Joe Tansey@JTansey90Featured ColumnistDecember 26, 2019

FILE - In this Sept. 20, 2019 file photo, Southern California wide receiver Michael Pittman Jr., left, sprints with the ball past Utah defensive back Tareke Lewis during an NCAA football game in Los Angeles. Notre Dame coach Brian Kelly describes the USC offense as “deadly,” saying Pittman, Tyler Vaughns and Amon-Ra St. Brown comprise the best receiving corps safety Alohi Gilman and the Irish will face.(AP Photo/Kyusung Gong, File)
Kyusung Gong/Associated Press

The USC Trojans rebounded from an awful start to go 8-4 and land in one of the Pac-12's premier bowl positions at the Holiday Bowl. 

USC will use the trip to San Diego as a starting point for the 2020 regular season, with head coach Clay Helton confirmed back for another year. 

While USC has experienced an up-and-down decade, the Iowa Hawkeyes have been a model of consistency in the Big Ten. 

Kirk Ferentz's squad produced its ninth winning campaign in 10 years and its second consecutive nine-win season. 

The postseason has not been kind to the Hawkeyes lately, as they are 3-5 this decade, while USC owns a 3-3 bowl mark in the same span.

             

Holiday Bowl Information

Date: Friday, December 27

Start Time: 8 p.m. ET 

TV: FS1

Odds (via Caesars): Iowa (-2); Over/Under: 52.5

        

Preview

Charlie Neibergall/Associated Press

Iowa could dictate the pace of the Holiday Bowl, and if that is the case, the under could be one of the best bets of bowl season. 

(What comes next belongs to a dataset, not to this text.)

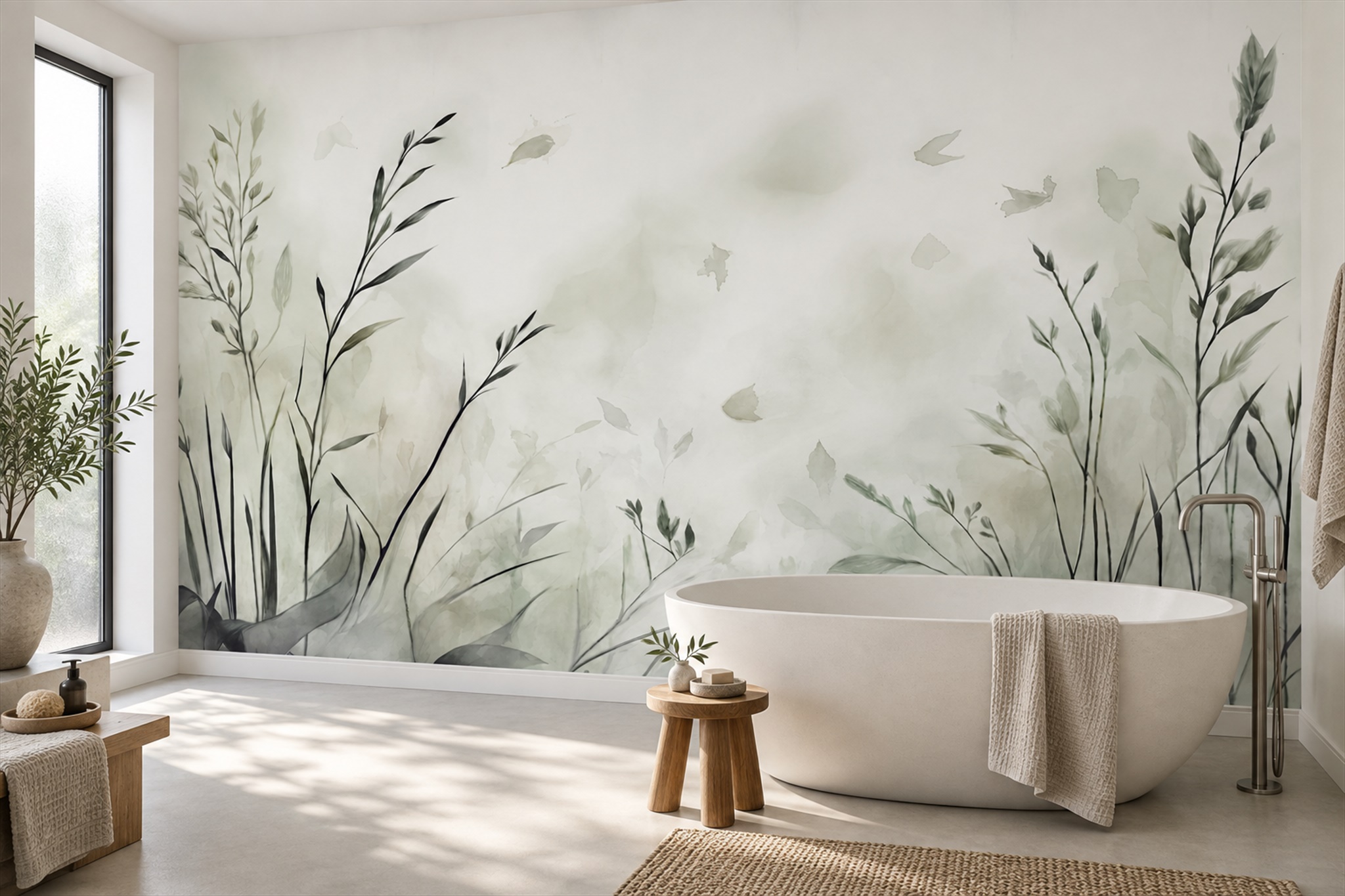 Sage Grasses Artful Wallpaper Mural Bathroom-wallpaper-murals, Peel-and-stick Finish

The Hawkeyes rank fifth in the FBS in points allowed per game at 13.2, and they sit 11th in passing defense. 

Defensive end A.J. Epenesa, who leads the Big Ten team with nine sacks, will be key to silencing USC's ground game and keeping quarterback Kedon Slovis out of a rhythm. 

Three Iowa defensive backs have multiple interceptions and another trio owns five or more passes defended. 

That will be important in slowing down the USC wide receiver corps led by Amon-Ra St. Brown and Michael Pittman Jr. 

When Epenesa and others can't get to Slovis, the Iowa secondary has to make a few big plays to halt USC's drives before they reach the red zone. 

If the Trojans control the game, it could be a blowout, and the over may hit with ease thanks to Slovis, a freshman signal-caller who enters with three straight 400-yard outings. 

In each of his last five performances, Slovis has either three or four touchdown passes, and he has three wide outs with at least 68 receptions, 800 yards and six scores. 

Pittman leads the group with 1,222 receiving yards on 95 receptions, while St. Brown and Tyler Vaughns can also put Iowa's secondary under duress. 

If USC's offense controls the pace, Iowa may not be able to keep up with its unit that has been frustrating to watch on a handful of occasions. 

The Trojans average 462.2 total yards per game on offense, while Iowa is much further down that list with 369.8. 

Senior quarterback Nate Stanley discovered some consistency in November, but that was washed away by a 99-yard outing in the regular-season finale versus the Nebraska Cornhuskers.

Stanley only has 14 touchdown passes, and he did not record one in his last two trips to the gridiron. 

To come out on top, Iowa needs the senior signal-caller to be efficient in the pocket and receive some support from the running back tandem of Tyler Goodson and Mekhi Sargent. 

If the Hawkeyes slow down the pace of play and contain Slovis' production, they could cover the small margin and keep the game under 52.5 points.

But if USC dominates the contest, the over is more likely to win, and the Trojans could cash in as a two-point underdog.